From the thorn tree, the kites watched. Whatever happened, they would feed.
- +
The rope chafed his shoulder, digging a raw furrow through skin and muscle, dull red stinging with the salt of sweat, ceaseless rasping against the side of his neck, as it had for endless days before and would for endless days beyond, until he had no more flesh to hold his bones from lying down and becoming one with the rank black soil underfoot. The cries of the overseers were strident, alien voices, rhythmic and strange as the calls of large insects, urging on the slaves dragging a huge block of stone to take its place in the great wat rising from the clearing in the jungle. Heavy wet air muffled his limbs like a burial shroud soaked with water, binding, weighing him down. Breathing was torture. The air clogged his lungs like wet silk, yet gave no sustenance.
His feet slipped in mud. An overseer barked at him, brought a rattan whining down on his shoulders. He knew better than to look to the side. From around him came a chorus of soft grunts, the sounds of men laboring singlemindedly past exhaustion, like the coughing of carabao at nightfall. Hard men, the Khmer kings, to make their slaves labor in the hot sun without so much as a conical straw hat to keep the sun from their shaven heads.
Left at home, in a small hut with his family and a land made fertile by canals, his lot would have been labor scarcely less grinding. But at home at least he could glean some
reward for labor. Here a day’s toil bought only the chance for a night’s fitful sleep chained in the slave barracks, then up in the sun’s red eye to do it again.
A runlet of sweat filled his eyes. He shook his head, trying to blink it away. If this was his karmic burden, he should try to bear it without complaint, without thought. But still, but still…
- +
Frothing like a rabid dog, the sea hurled itself forward, battering the jagged black lava headland with a demon roar. Naked but for a headband and wet cloth around his loins, leaning back with feet braced in pockets of the sharp porous rock, bunched muscles of thighs and calves standing forth, the young man assailed his miya-daiko with heavy polished hardwood sticks, making it roar back defiance with intensity equal to the fury of the sea.
Storm clouds slid in black from the west with the ominous ease of trouble on the way; sea birds drifted high overhead and cried out in wonder and alarm. The young man didn’t know them. There was just the sea, and the drum, and the Void, a mad exultation, the measured thunder of the drums imposing structure on the inchoate surge of the sea. The young man was the act itself leaning back so that the muscles of his back almost touched hard level stone, bringing all his leverage and power to bear to smash the drums, as if to burst the skin stretched taut across it. Here abode no will, no intention, just the sea and the drum and the beautiful interplay of form and chaos.

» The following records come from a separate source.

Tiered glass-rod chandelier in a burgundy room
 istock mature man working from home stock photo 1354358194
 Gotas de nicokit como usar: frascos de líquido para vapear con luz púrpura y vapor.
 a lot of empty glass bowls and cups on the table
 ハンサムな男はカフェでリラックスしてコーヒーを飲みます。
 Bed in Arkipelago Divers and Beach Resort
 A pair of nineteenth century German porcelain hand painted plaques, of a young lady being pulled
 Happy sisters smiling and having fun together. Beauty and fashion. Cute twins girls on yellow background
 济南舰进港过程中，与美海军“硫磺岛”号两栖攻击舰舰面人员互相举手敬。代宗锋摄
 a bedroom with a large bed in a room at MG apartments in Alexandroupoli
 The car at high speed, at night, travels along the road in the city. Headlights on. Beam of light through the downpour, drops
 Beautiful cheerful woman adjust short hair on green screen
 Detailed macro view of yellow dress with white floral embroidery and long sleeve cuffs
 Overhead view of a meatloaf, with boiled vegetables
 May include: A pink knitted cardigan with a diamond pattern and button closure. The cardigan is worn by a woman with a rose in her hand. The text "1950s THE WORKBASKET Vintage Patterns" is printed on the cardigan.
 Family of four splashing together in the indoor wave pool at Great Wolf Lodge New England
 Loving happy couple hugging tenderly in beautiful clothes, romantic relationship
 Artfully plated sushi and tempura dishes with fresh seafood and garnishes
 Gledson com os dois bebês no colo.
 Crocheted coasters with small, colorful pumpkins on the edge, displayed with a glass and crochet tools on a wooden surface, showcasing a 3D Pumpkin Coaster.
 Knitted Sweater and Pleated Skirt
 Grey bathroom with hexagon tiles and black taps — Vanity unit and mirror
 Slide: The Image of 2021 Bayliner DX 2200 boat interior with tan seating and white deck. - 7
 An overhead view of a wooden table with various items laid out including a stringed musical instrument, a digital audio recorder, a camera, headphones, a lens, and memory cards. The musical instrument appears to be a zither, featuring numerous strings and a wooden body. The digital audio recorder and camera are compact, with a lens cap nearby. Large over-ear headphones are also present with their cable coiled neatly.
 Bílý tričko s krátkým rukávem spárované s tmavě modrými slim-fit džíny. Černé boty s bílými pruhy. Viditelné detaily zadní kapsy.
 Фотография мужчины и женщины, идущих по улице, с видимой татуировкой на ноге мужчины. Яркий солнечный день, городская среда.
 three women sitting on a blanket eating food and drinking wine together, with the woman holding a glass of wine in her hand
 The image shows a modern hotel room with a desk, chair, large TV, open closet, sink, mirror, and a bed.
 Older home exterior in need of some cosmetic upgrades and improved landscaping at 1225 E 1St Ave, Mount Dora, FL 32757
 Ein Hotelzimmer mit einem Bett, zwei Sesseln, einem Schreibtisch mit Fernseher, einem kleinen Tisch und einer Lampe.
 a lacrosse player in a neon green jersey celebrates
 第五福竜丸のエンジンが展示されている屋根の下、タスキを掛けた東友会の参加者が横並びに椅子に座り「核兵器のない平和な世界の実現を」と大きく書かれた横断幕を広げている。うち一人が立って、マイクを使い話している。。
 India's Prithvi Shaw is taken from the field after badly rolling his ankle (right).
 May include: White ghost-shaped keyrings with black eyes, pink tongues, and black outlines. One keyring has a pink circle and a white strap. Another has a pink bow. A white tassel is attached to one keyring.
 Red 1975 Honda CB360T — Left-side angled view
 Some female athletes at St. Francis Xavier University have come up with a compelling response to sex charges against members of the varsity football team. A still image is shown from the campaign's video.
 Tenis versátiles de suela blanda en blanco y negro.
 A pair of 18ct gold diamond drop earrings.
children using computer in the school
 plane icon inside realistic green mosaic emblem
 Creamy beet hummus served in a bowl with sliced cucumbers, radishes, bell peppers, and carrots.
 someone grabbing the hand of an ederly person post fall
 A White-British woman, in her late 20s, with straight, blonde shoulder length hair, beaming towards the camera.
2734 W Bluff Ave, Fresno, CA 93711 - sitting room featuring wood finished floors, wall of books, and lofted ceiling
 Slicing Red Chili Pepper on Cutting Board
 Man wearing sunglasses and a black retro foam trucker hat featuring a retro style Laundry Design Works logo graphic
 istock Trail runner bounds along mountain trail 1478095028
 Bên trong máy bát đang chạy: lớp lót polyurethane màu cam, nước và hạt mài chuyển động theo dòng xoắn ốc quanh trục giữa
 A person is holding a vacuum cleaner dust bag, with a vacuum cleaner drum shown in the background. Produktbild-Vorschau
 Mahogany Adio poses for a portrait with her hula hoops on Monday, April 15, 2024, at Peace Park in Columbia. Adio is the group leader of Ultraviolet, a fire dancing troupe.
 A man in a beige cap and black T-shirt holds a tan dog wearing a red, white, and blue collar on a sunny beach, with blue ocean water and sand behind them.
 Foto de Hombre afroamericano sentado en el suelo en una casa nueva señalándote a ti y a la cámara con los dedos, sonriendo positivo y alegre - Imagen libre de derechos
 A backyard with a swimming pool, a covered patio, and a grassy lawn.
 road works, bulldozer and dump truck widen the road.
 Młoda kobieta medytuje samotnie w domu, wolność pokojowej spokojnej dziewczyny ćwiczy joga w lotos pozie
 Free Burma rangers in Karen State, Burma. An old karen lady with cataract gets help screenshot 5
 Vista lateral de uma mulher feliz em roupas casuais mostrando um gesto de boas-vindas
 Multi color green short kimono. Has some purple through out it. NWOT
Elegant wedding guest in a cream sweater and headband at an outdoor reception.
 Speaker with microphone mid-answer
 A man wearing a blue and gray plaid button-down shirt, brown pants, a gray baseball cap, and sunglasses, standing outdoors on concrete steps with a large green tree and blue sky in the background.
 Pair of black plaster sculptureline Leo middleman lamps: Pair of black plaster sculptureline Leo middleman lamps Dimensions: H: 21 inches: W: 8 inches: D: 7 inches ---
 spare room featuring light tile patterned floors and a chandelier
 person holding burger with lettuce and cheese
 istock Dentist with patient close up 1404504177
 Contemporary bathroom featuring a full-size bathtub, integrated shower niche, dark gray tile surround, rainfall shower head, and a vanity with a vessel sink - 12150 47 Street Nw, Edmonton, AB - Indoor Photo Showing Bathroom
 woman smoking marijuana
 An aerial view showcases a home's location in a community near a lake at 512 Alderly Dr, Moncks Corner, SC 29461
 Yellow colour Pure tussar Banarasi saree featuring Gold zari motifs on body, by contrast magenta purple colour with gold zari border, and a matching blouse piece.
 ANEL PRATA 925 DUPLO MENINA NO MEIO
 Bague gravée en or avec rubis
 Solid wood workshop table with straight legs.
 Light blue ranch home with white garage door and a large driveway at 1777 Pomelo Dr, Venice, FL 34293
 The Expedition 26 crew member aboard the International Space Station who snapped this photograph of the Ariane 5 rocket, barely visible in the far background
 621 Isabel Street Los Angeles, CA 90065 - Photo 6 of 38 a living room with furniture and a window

The storm came. The young man fought his drum until the kami who resided within came forth to greet it.
-
“Very impressive,” Elizabeth O’Neill said, when the big screen went black. “I’m tempted to run through that again, once we get the Kliemann Coil up.”
She turned around to see Nagaoka Hiroshi smiling shyly. The quiet anthropologist had designed all three scenarios. It pleased O’Neill to see that he was happy with his achievement, but she herself was troubled. I wish TOKUGAWA had been more decisive in that Tsavo hunter-gatherer scenario, she thought. He has to learn boldness.